> **SUPPLIED RECORDS**:

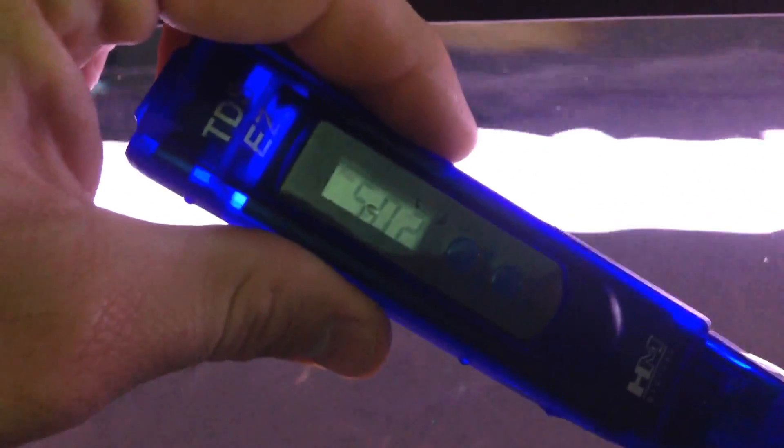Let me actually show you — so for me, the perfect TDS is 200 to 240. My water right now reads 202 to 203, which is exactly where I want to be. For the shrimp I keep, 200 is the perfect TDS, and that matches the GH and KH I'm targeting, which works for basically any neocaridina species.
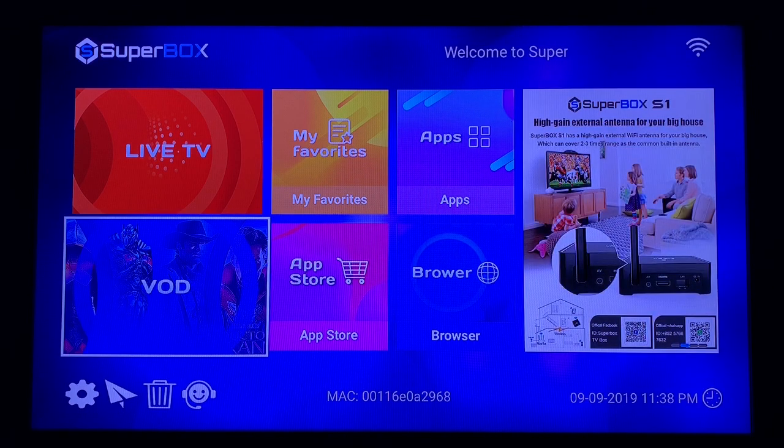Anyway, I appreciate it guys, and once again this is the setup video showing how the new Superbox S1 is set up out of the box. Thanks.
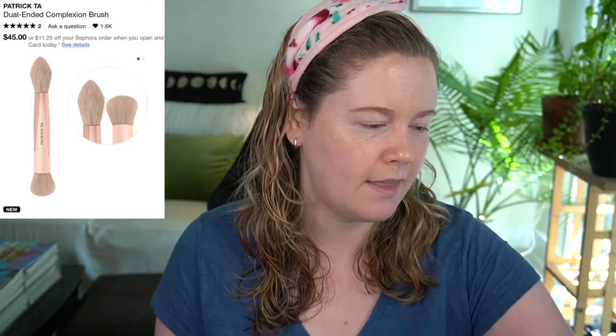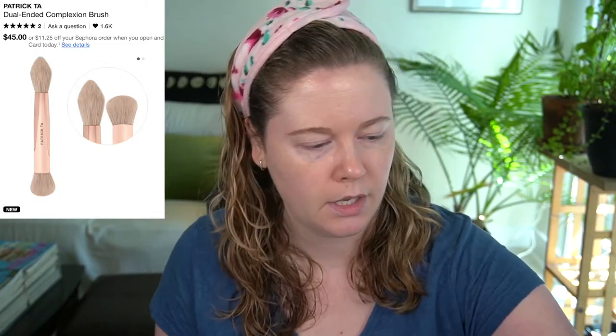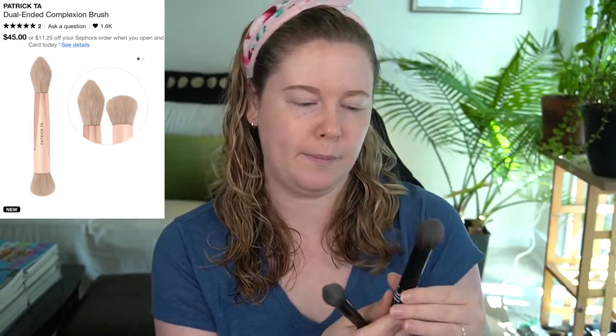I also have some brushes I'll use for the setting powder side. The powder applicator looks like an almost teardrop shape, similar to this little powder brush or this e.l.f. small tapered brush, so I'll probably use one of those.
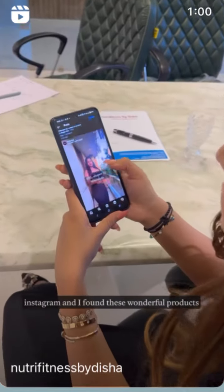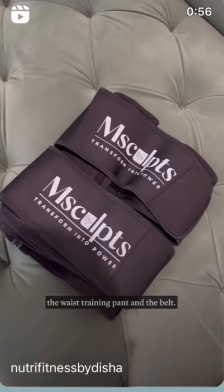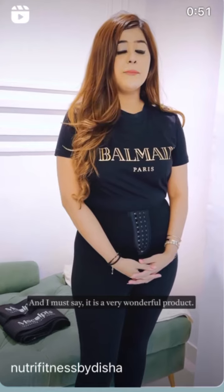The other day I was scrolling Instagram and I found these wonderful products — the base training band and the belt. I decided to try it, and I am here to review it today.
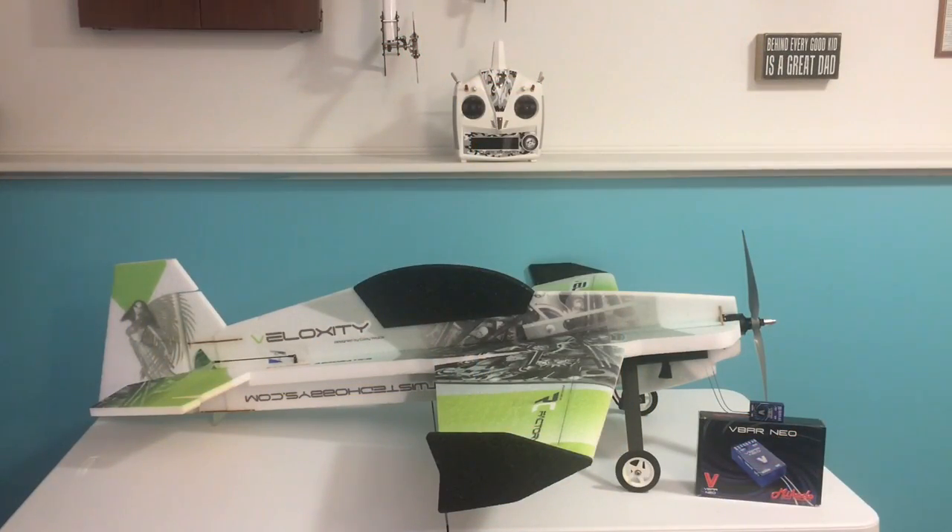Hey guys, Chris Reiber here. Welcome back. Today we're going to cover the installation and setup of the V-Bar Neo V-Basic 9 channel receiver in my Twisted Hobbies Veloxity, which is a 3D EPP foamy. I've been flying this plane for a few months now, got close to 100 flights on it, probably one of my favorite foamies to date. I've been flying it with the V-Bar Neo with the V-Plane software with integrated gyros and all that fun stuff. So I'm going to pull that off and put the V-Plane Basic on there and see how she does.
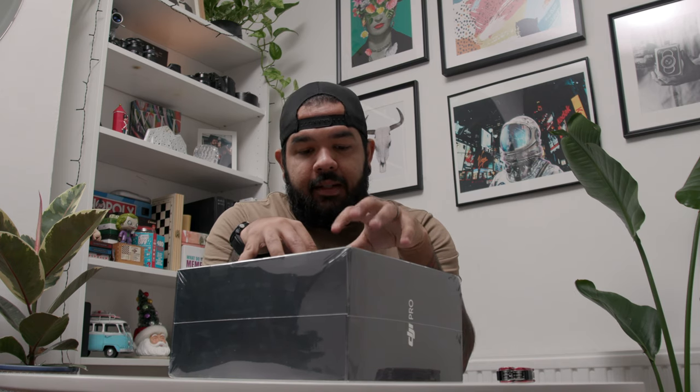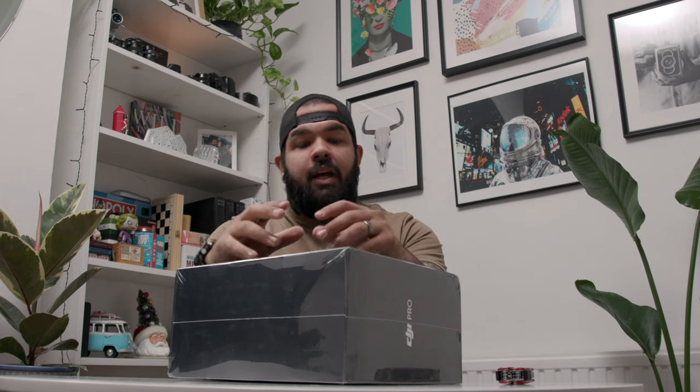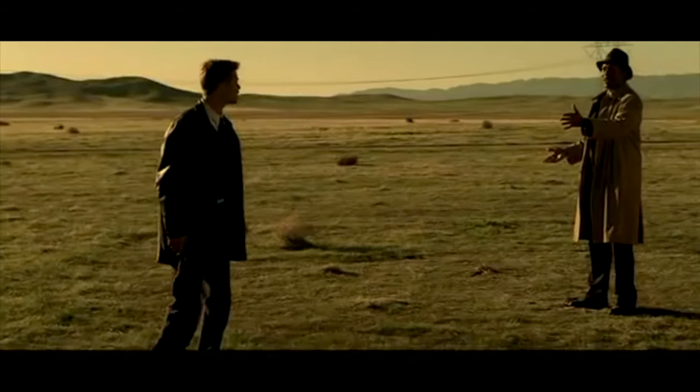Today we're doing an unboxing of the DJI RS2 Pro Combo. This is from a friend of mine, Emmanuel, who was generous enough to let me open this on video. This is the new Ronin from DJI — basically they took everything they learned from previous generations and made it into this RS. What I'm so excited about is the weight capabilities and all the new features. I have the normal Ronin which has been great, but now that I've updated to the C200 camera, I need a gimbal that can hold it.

> **WHAT YOU SHOULD DO**:
Pictures are to be left out, while the records are copied word for word.

> **ANSWER BOX**:
Let me actually show you — so for me, the perfect TDS is 200 to 240. My water right now reads 202 to 203, which is exactly where I want to be. For the shrimp I keep, 200 is the perfect TDS, and that matches the GH and KH I'm targeting, which works for basically any neocaridina species.
Anyway, I appreciate it guys, and once again this is the setup video showing how the new Superbox S1 is set up out of the box. Thanks.
I also have some brushes I'll use for the setting powder side. The powder applicator looks like an almost teardrop shape, similar to this little powder brush or this e.l.f. small tapered brush, so I'll probably use one of those.
The other day I was scrolling Instagram and I found these wonderful products — the base training band and the belt. I decided to try it, and I am here to review it today.
Hey guys, Chris Reiber here. Welcome back. Today we're going to cover the installation and setup of the V-Bar Neo V-Basic 9 channel receiver in my Twisted Hobbies Veloxity, which is a 3D EPP foamy. I've been flying this plane for a few months now, got close to 100 flights on it, probably one of my favorite foamies to date. I've been flying it with the V-Bar Neo with the V-Plane software with integrated gyros and all that fun stuff. So I'm going to pull that off and put the V-Plane Basic on there and see how she does.
Today we're doing an unboxing of the DJI RS2 Pro Combo. This is from a friend of mine, Emmanuel, who was generous enough to let me open this on video. This is the new Ronin from DJI — basically they took everything they learned from previous generations and made it into this RS. What I'm so excited about is the weight capabilities and all the new features. I have the normal Ronin which has been great, but now that I've updated to the C200 camera, I need a gimbal that can hold it.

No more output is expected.